Introducing the Forge Reasoning API Beta and Nous Chat: An Evolution in LLM Inference

At Nous Research we’re launching two new projects: the Forge Reasoning API Beta and Nous Chat, a simple chat platform featuring the Hermes language model. The Forge Reasoning API contains some of our advancements in inference-time AI research, building on our journey from the original Hermes model.

Nous Chat

Our dedicated place for simply interacting with the powerful Hermes 3 70B language model! We’ve designed a sleek interface that puts sophisticated AI capabilities at your fingertips while maintaining ease of use.

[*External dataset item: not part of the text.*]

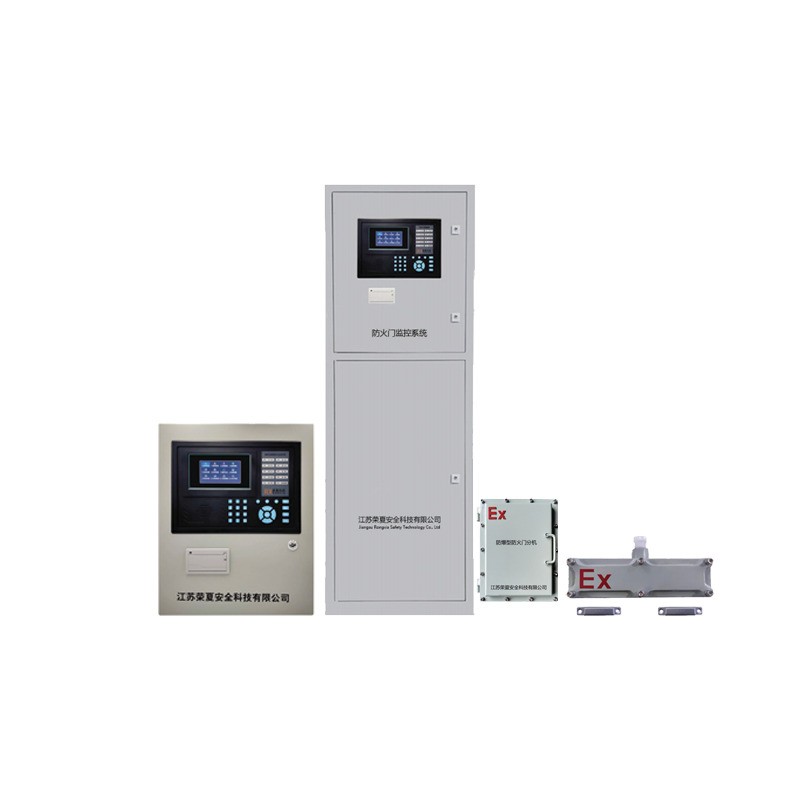 防爆型防火门监控系统组图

Hermes 3 is an open-source language model built for higher expression, long-form thinking and individual alignment. At hermes.nousresearch.com, our threaded conversation system helps you organize your thoughts and projects, while the system prompt and configuration options gives you full control over your AI interactions. Whether you’re conducting analysis, exploring future scenarios, or seeking practical advice, Nous Chat provides the focused environment you need to make the most of our loved open-source model.

Nous Chat is available at hermes.nousresearch.com and is currently free!

How does Forge affect the LLM ecosystem?

The Forge Reasoning API allows you to take any popular model and superpower it with a code interpreter and advanced reasoning capabilities. Our evaluations demonstrate that Forge augments the Hermes 70B model to be competitive with much larger models from Google, OpenAI and Anthropic in reasoning benchmarks:

Hermes 70B x Forge outperforms larger models in the AIME evaluation specifically. This metric focused on competition-grade math questions–the AIME competition is one of the two tests used to determine eligibility for the US Math Olympiad, and has been used as a standard for similar reasoning systems in the past.

Benchmarks demonstrate one perception of any LLM technology; we’re most interested in real-world use cases, and the vaunted “vibe checks” that can come from the field test of inference. We are currently exploring further how the Forge Reasoning system impacts frontier closed models.

The Forge Reasoning API (Beta)

The Forge Reasoning API will be available in Beta for a select group of users starting this week. “Forge” integrates multiple research breakthroughs including our Hermes model family, Mixture of Agents, Chain of Code, Monte Carlo Tree Search to create a comprehensive system for enhanced reasoning capabilities.

The Beta phase will focus on testing the architecture of our reasoning system. Power users of Hermes are included in the initial beta testing group for Forge because we know they are capable of unlocking and battle testing the primitives in the API. Our compute partner for the Beta is Lambda.

The Forge Reasoning API represents an advancement and innovation in LLM inference, designed to elevate LLMs to new heights of reasoning.

The Model Layer: Freedom of Choice

Understanding the importance of flexibility, we’ve designed Forge to support multiple models, including:

Hermes 3
Claude Sonnet 3.5
Gemini
GPT 4

Users can either utilize a single model to drive their Monte Carlo Tree Search implementation or combine multiple models to enhance output diversity.

The Reasoning Layer: Dual Approaches to Reasoning

The Forge Reasoning API is built upon three architectures developed through our research:

1. MCTS (Monte Carlo Tree Search)

MCTS is a research area we focused on for the past year. Monte Carlo Tree Search (MCTS) is particularly useful in planning problems. The architecture iteratively builds a decision tree by selecting promising nodes based on an exploration-exploitation balance, simulating random actions until a terminal state, and then backpropagating the results to update node values.

The architecture operates through four key phases:

Selection: Identifying promising nodes for exploration
Expansion: Adding new decision nodes
Simulation: Testing random action sequences
Backpropagation: Updating node statistics based on simulation results

2. CoC (Chain of Code)

CoC (or Chain of Code) is a series of reasoning steps, known as a Chain of Thought, connected to a code interpreter. CoC allows for vast improvements on code and math capabilities when using the API. Most “real-life” math and code-based problems are deeply woven into semantic structure (e.g.: After the new policy that was passed in January 2025, how much tax will I pay on a can of Pepsi in New York?), and CoC is built particularly to tackle issues of this nature.

3. MoA (Mixture of Agents)

Perhaps each model you use to solve a problem is only seeing *part* of the picture–enter Mixture of Agents (MoA). We can allow many models to respond to a query, confer with one another, and synthesize new answers. The consensus of LLMs judge the best answer, resulting in a more complete and diverse output than one model can provide alone. MoA can be used alongside the other techniques by simply selecting more than one model in the API.

A side-by-side comparison between the single-turn output of Forge and o1 preview demonstrates how Forge contains nuance and elasticity to enable many choices, so the user can ultimately decide:

The Forge Reasoning API represents our vision for the future of LLM technology: offering unprecedented capabilities in reasoning and autonomous operation. The API Beta is opening today; while there are some limitations (single-turn capabilities only), we plan to expand the capabilities of the engine rapidly with feedback from a small group of users. We look forward to working with our community.